■ **What to do**: The line that contains "this 640×480 image." marks the start. Output it and all remaining lines exactly, through the final line of the listing.

>>>>

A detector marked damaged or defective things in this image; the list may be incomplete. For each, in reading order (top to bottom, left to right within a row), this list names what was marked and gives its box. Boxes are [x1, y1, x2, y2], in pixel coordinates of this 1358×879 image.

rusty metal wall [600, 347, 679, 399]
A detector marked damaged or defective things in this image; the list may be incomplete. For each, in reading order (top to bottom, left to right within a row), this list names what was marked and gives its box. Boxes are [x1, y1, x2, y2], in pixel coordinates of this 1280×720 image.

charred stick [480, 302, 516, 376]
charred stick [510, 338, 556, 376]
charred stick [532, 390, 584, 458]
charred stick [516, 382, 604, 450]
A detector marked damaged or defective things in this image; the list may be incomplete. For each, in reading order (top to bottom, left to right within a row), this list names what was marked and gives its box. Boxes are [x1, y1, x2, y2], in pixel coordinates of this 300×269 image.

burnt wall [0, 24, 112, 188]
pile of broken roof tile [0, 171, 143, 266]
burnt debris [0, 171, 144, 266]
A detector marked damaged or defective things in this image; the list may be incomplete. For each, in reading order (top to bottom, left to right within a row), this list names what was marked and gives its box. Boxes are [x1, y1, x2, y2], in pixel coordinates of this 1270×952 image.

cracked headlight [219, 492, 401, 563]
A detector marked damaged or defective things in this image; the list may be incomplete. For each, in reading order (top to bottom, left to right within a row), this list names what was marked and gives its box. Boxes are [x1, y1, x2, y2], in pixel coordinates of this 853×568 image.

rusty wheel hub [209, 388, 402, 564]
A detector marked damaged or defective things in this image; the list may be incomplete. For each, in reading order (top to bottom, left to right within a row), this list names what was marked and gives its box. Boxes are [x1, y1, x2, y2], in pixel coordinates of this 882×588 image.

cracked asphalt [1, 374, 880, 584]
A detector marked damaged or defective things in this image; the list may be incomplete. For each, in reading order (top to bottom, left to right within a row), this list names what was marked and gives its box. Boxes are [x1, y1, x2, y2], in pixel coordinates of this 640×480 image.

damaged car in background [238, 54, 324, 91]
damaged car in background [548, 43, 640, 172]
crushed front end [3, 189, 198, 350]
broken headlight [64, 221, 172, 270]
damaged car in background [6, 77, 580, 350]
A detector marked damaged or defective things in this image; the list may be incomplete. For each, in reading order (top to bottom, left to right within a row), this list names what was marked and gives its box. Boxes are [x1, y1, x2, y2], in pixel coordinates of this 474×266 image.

<<<<

■ **Written solution**:
A detector marked damaged or defective things in this image; the list may be incomplete. For each, in reading order (top to bottom, left to right within a row), this list names what was marked and gives its box. Boxes are [x1, y1, x2, y2], in pixel coordinates of this 640×480 image.

damaged car in background [238, 54, 324, 91]
damaged car in background [548, 43, 640, 172]
crushed front end [3, 189, 198, 350]
broken headlight [64, 221, 172, 270]
damaged car in background [6, 77, 580, 350]
A detector marked damaged or defective things in this image; the list may be incomplete. For each, in reading order (top to bottom, left to right within a row), this list names what was marked and gives its box. Boxes are [x1, y1, x2, y2], in pixel coordinates of this 474×266 image.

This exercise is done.